--- Data extract Enclosed Below ---

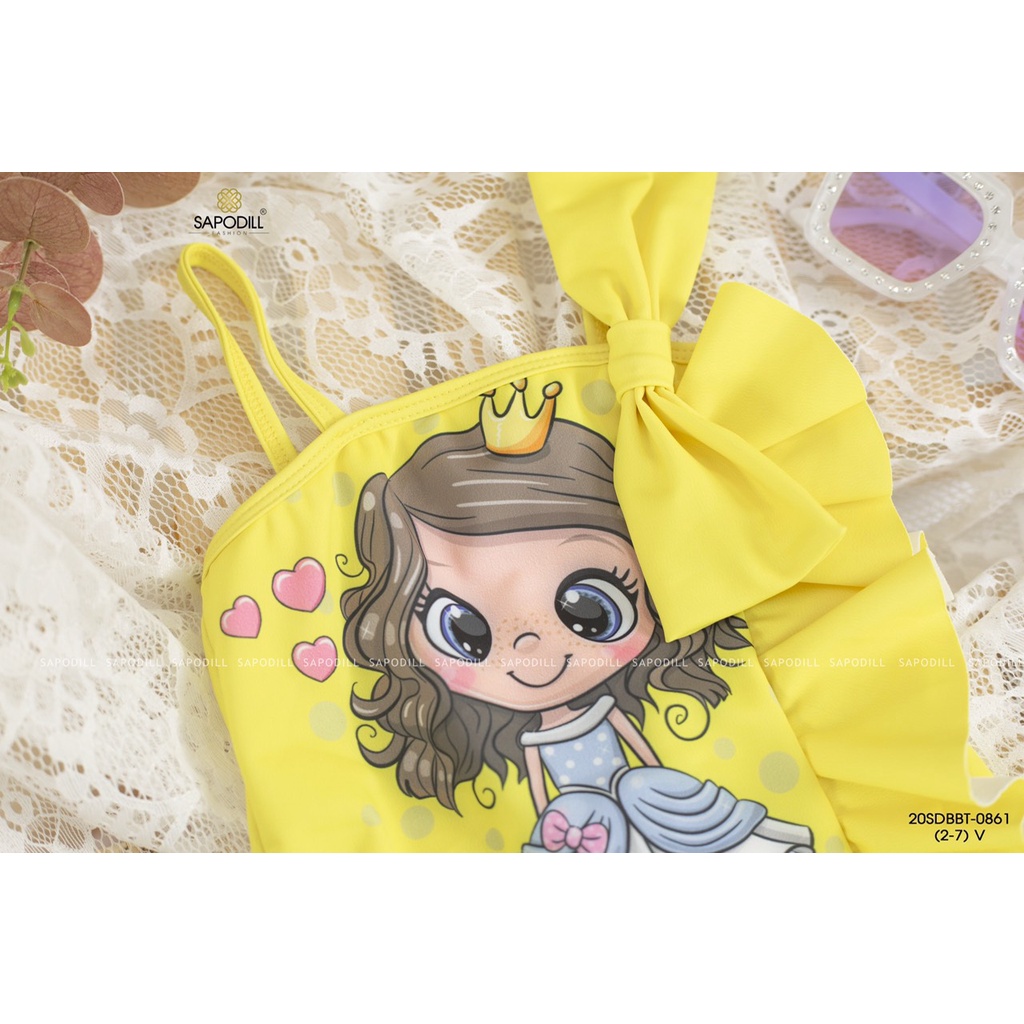 ĐỒ BƠI BIKINI BÉ GÁI ĐÍNH NƠ NGỰC IN CÔNG CHÚA 8-25KG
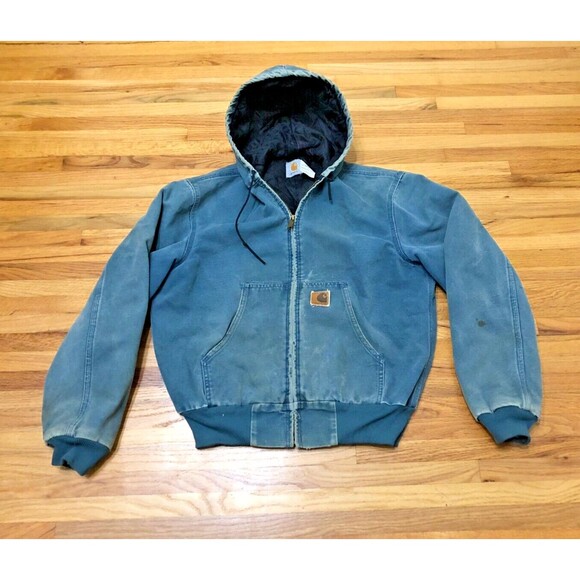 Vintage Carhartt Detriot Hooded Bomber Jacket Men's M Blue Canvas Quilted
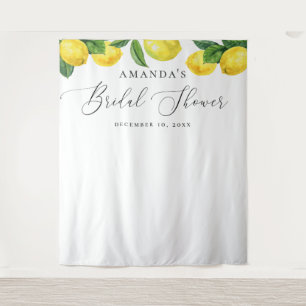 Citrus lemon backdrop. Bridal shower background Tapestry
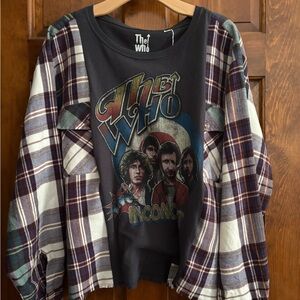 Upcycled Graphic Shirt with flannel sleeves - Black and Blue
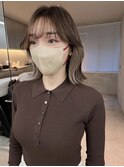 韓国ヘアグレージュカラーブリーチ無し髪質改善イヤリングカラー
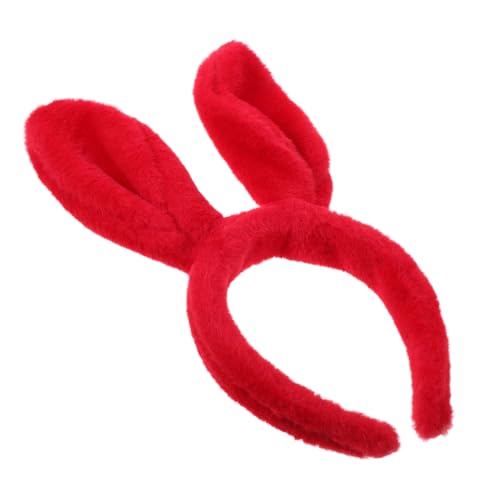BESPORTBLE Rote Hasenohren Stirnband Accessoires Rote Spitze Hasenohren Hasenkostüm Dekorationen Hase Damen Cosplay Hasenohren Tier Realistische Hasenohren Hasenohren Haarband Plüsch von BESPORTBLE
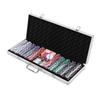 500Pcs Poker Chips 2 Set Play Cards 5 Dices Set with Carrying Case for Home Travel Camping Picnic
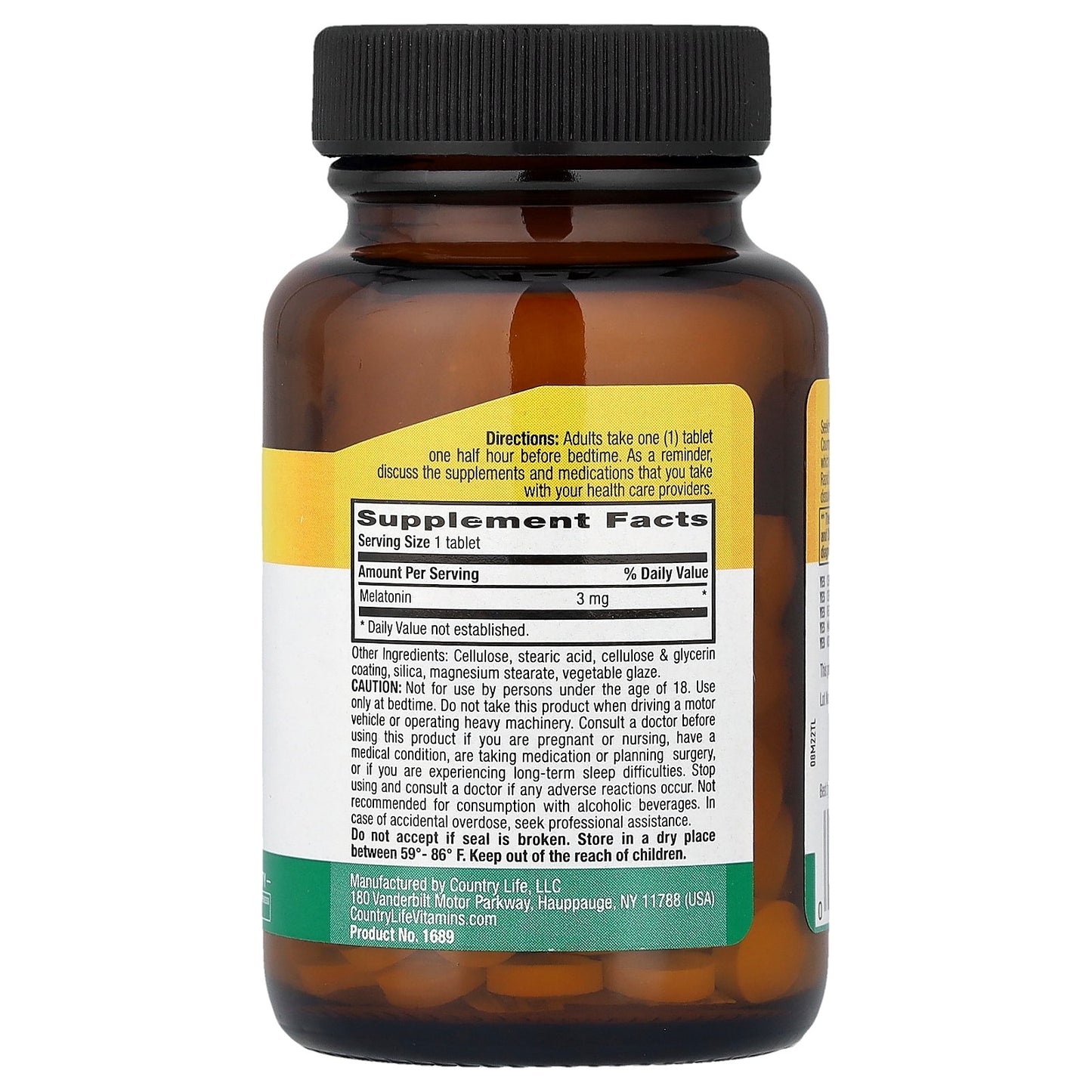 Country Life, Melatonin, Rapid Release, 3 mg, 90 Tablets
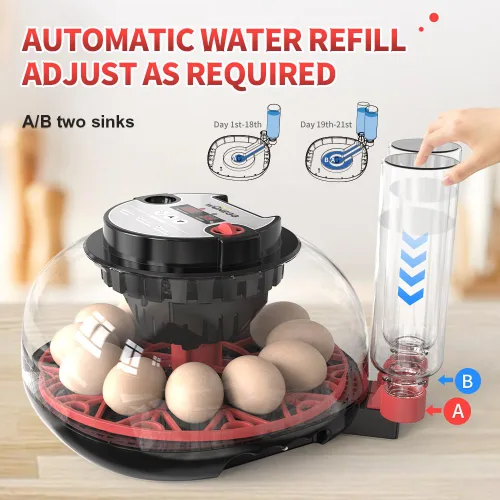 Vista 3 de HOWOOIUA 12 Incubadora para incubar huevos, pantalla de temperatura y humedad, vista de 360 ° para añadir agua automáticamente, incubadoras de velas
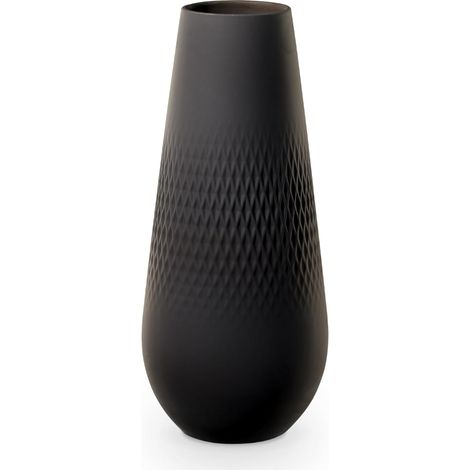 Collier Noir Vase Carré n°3, 11,5x11,5x26 cm, Porcelaine Premium, Noir (1/5)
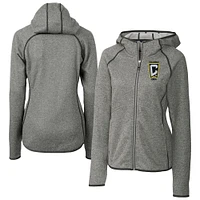 Women's Cutter & Buck  Heather Gray Columbus Crew Mainsail Sweater-Knit Full-Zip Jacket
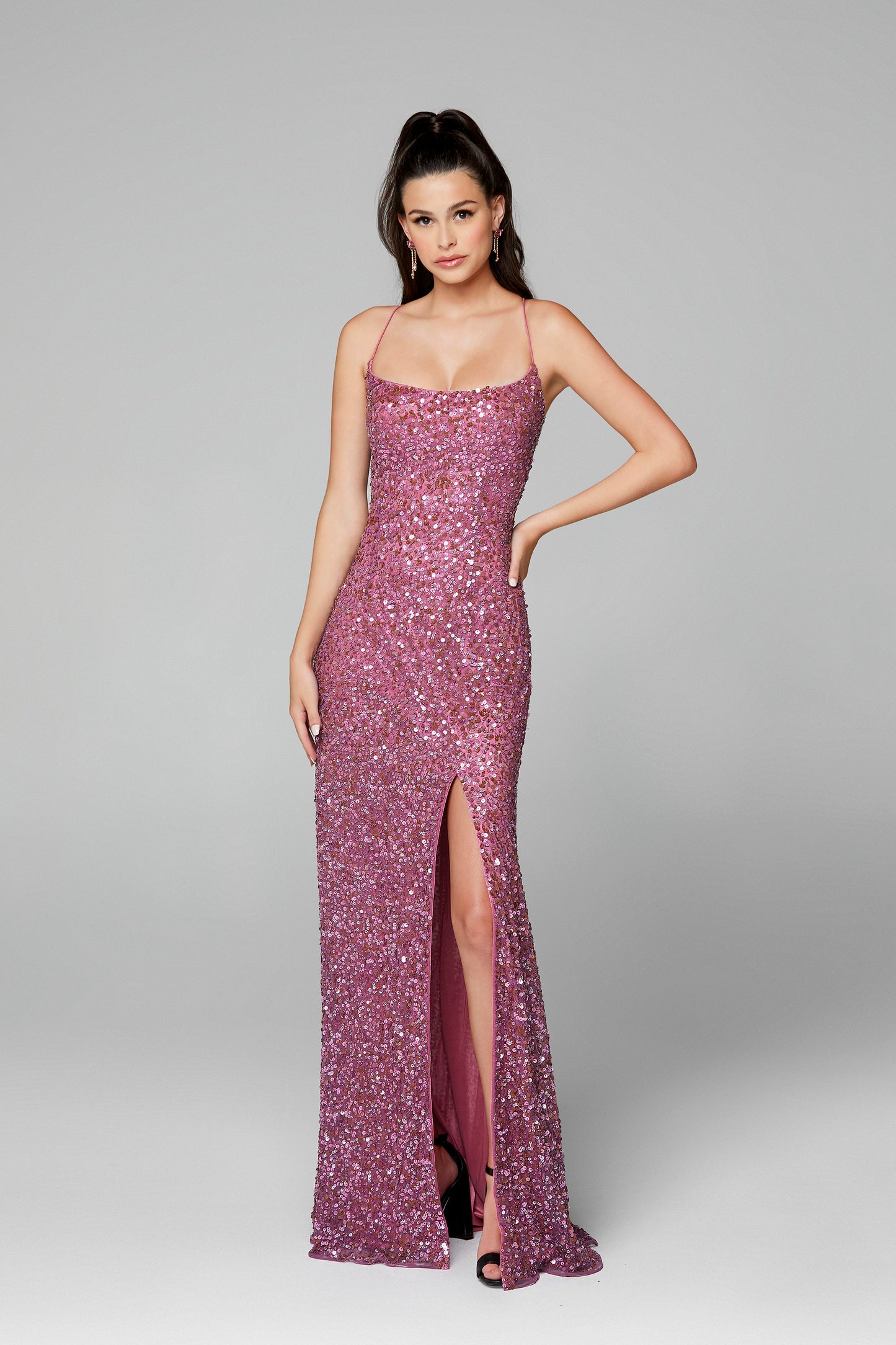 Strap Back Sequin Fitted Gown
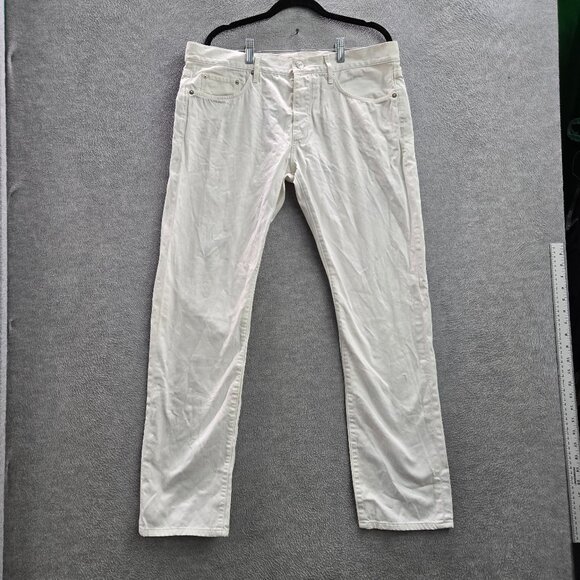 Burberry Brit Men Jeans 36 White Twill Straight 31" Inseam - Picture 1 of 11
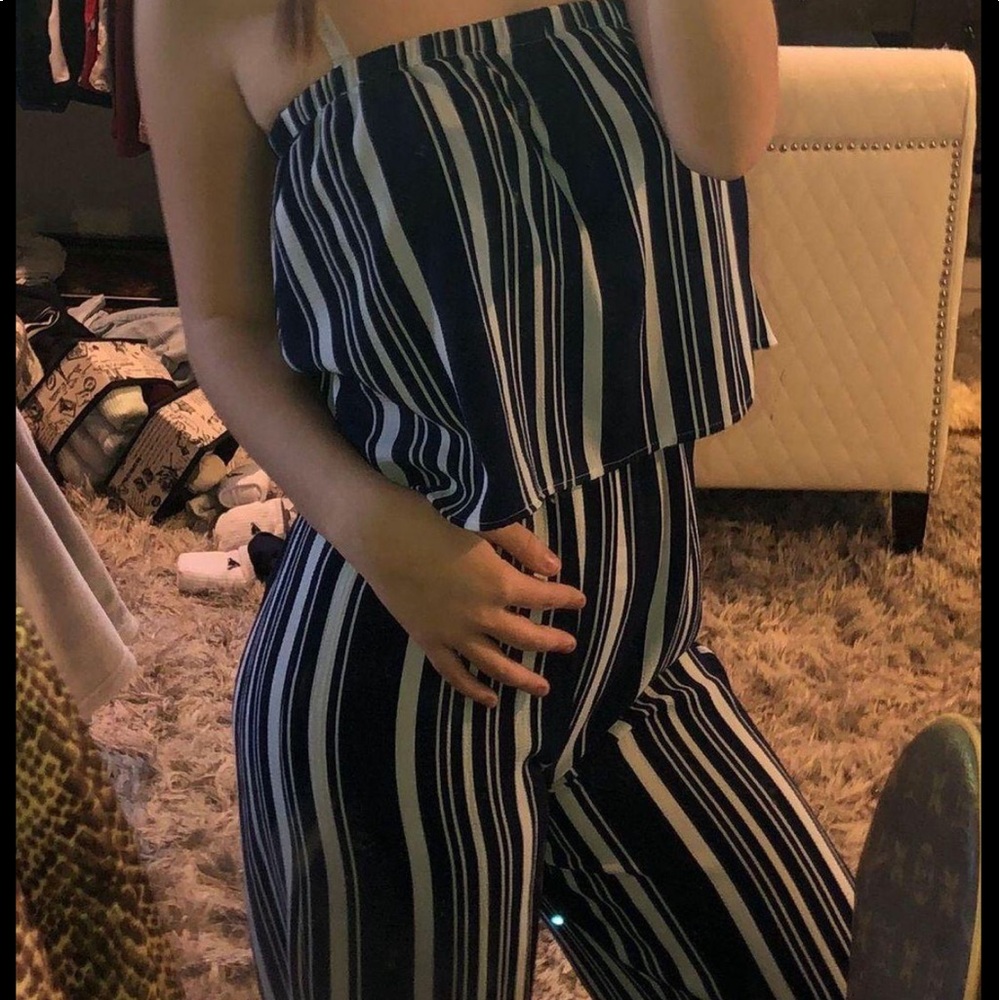 stripped jumpsuit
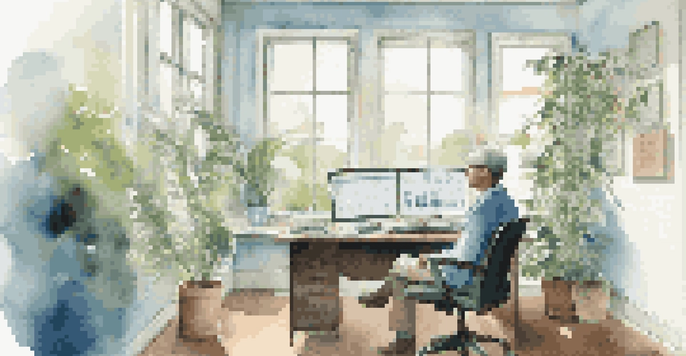 A person in a bright office reviewing financial documents for retirement planning, surrounded by plants and natural light.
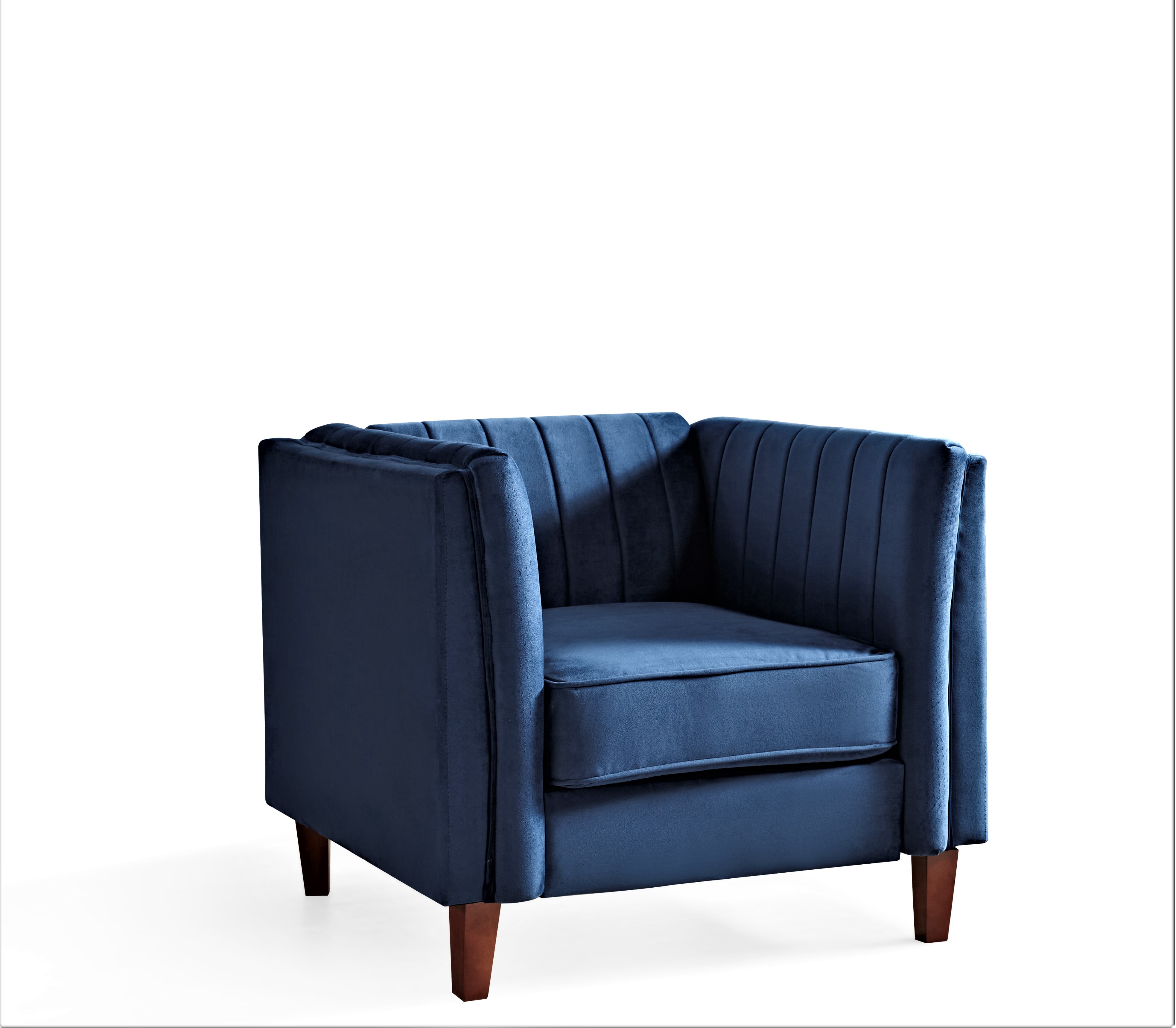 Uspridefurniture Plainfield Line Tufted Square Design Velvet Armchair, Blue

--- End of Enclosed Data extract ---

Problem statement: Write out exactly the lines beginning with the line that holds "stripped jumpsuit" and ending with the final line of the data, both ends included, without the pictures.

Written solution:
 stripped jumpsuit
 A person in a bright office reviewing financial documents for retirement planning, surrounded by plants and natural light.
 Uspridefurniture Plainfield Line Tufted Square Design Velvet Armchair, Blue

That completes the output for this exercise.